Yunus Emre'nin şiirinde, yazın tarihi bakımından, dil, düşünce, ruh ve yaratıcılık kabilinden dört ciddi dava sergilenir. Bu sorunlar mezhep ve inanış bütünlüğü ortamında ele alınır, anatomi dair odaklaştırılır.Şiirlerinde işlenen konular ise insan, Tanrı,varlık birligi,sevgi,yaşama sevinci, barış, evren, ölüm, yetkinlik, olgunluk, alçakgönüllülük, erdem, eliaçıklık kabil çoklukla hak yaşamı ait kavramlardır.O,bu kavramları, şiirinin bütünlüğü zarfında gerçek eleman olarak sergilemiştir.İnsan bir kalp varlığıdır,tin ile cisim gibi iki ayrı tözden kurulmuştur. ruh tanrısaldır,ölümsüzdür,gövdede kaldığı sürece geldiği özün ve şanlı kaynaga, rahmani evrene mühtedi özlemi içindedir.Gövde dağılır, kendini kuran öğelere ayrılır. süresince insanın da bulunduğu tüm dirlik evreni toprak, su, od ve kavara üzere dört ilkeden kurulmuştur. Bu dört ilke yaratılmıştır, mucit da Tanrı'dır.Tanrı, bu dört ilkeyi yarattıktan sonra, ayrı ayrı oranlarda birleştirerek variyet türlerinin oluşmasını sağlamıştır.İnsan kalp kanalıyla Tanrı'ya ulaşır,çünkü insanla allah ortada özdeşlik vardır.Ancak, insanın bu şey evreninde bulunması,tinin tanrısal kaynaktan münezzeh kalması bir ayrılıktır.Bu hasretlik insanı,yaşamı boyunca Tanrı'yı düşünme,ona hasret duyma olaylarıyla mukabil karşıya getirmiştir.Gerçekte insan-Tanrı-evren üçlüsü vahdaniyet içindedir, var olan boydak Tanrı'dır, türlülük bir görünüştür.Çünkü Tanrı, kendi özü gereği, bilcümle variyet türlerini kapsar, her varlıkta yansır. Evreni kuran öğelerle insanın gövdesini oluşturan ilkeler özdeştir. Bu özdeşlik rahmani tözün tamam sermaye türlerinde, biçimlendirici bir eleman olarak bulunmasından dolayıdır.Tanrısal tözün afaki varlıklarda bulunması bir taklidî kelime niteliğindedir,çünkü oğan yarattığı nesnede yansıyınca oluşma gerçekleşir.

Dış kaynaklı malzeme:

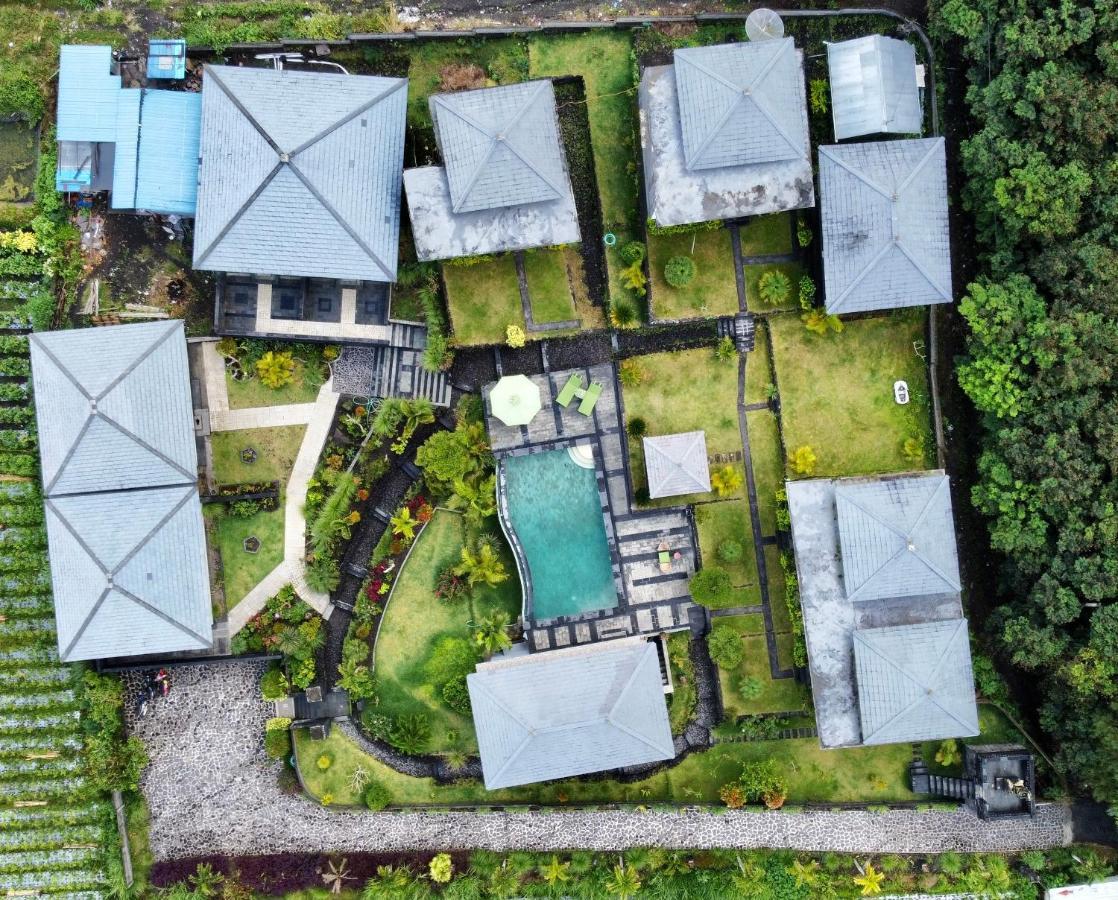 Batur Green Hill And Hot Spring Kintamani Exterior foto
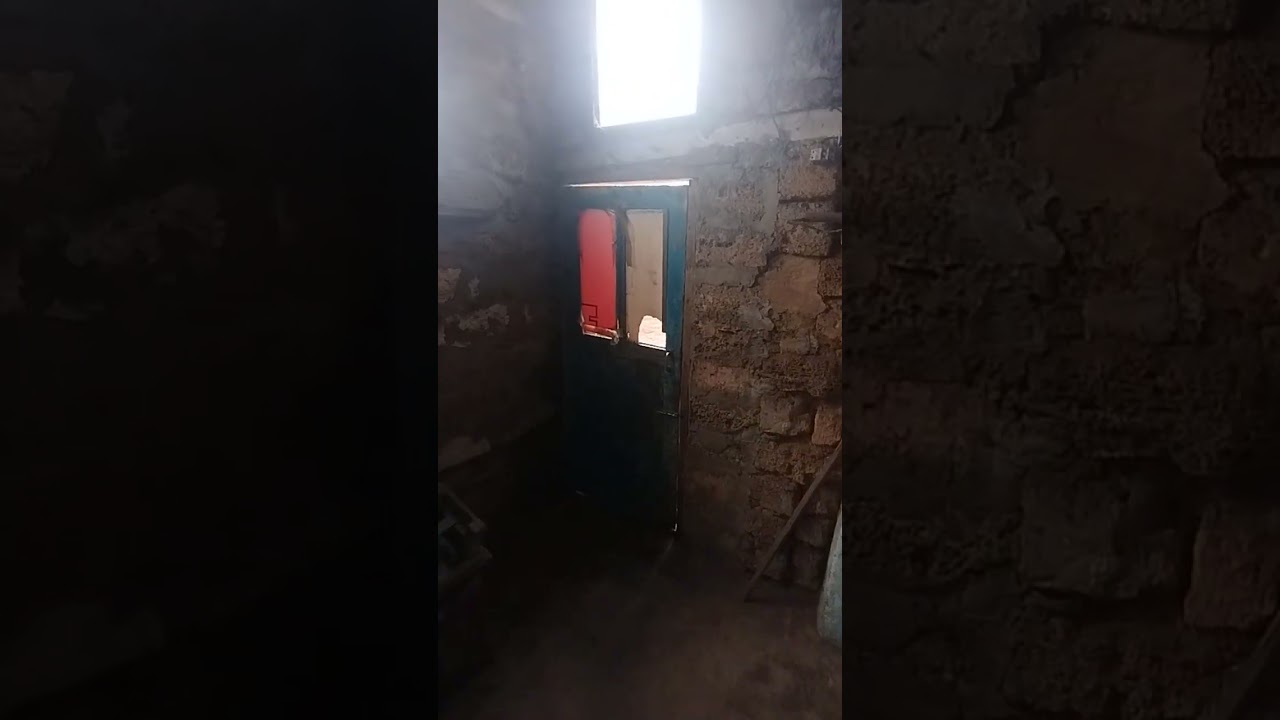 1 января 2026 г.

sevgi insanda birleştirici, bütünleştirici bir meyil niteliğindedir.Yunus Emre, sevgiyi hüda ve onun yarattığı bütün varlıklara için duyulan bir yakınlık, bir nabız diye anlar.Sevginin gereği büyük Tanrı'ya aksi olana kavuşmak, onun varlığında bütünlüğe ulaşmaktır. allah insanla identik olduğundan kendini muhip Tanrı'yı, Tanri'yı muhip kendini sever. çünkü hatır kendini başkasında, baskasını kendinde bulmaktır. Sevginin olmadığı yerde, öfke, kırgınlık, hal ve birbirinden boşluk gibi olumsuz ahval ortaya çıkar.
Sevginin değerini yalnız muhip bilir.Yeterince aydınlanmamış,Tanrı ışıgından mahrum kalmış bir gönülde sevginin yeri yoktur.Dost erkek tam muhip kimsedir (âşık). yâr değişik bir anlamda da Tanrı'dır, kişinin gönlünde ışıyan tözdür.
Hiç yorum yok:
Yorum Gönder
Yorumunuzun silinmemesi için lütfen konu ile alakalı yorumlar yapınız.Ayrıca argo,küfür,reklam içeren,Türkçe yi düzgün kullanmayan ve kelimeleri uzatan yorumlar silinecektir.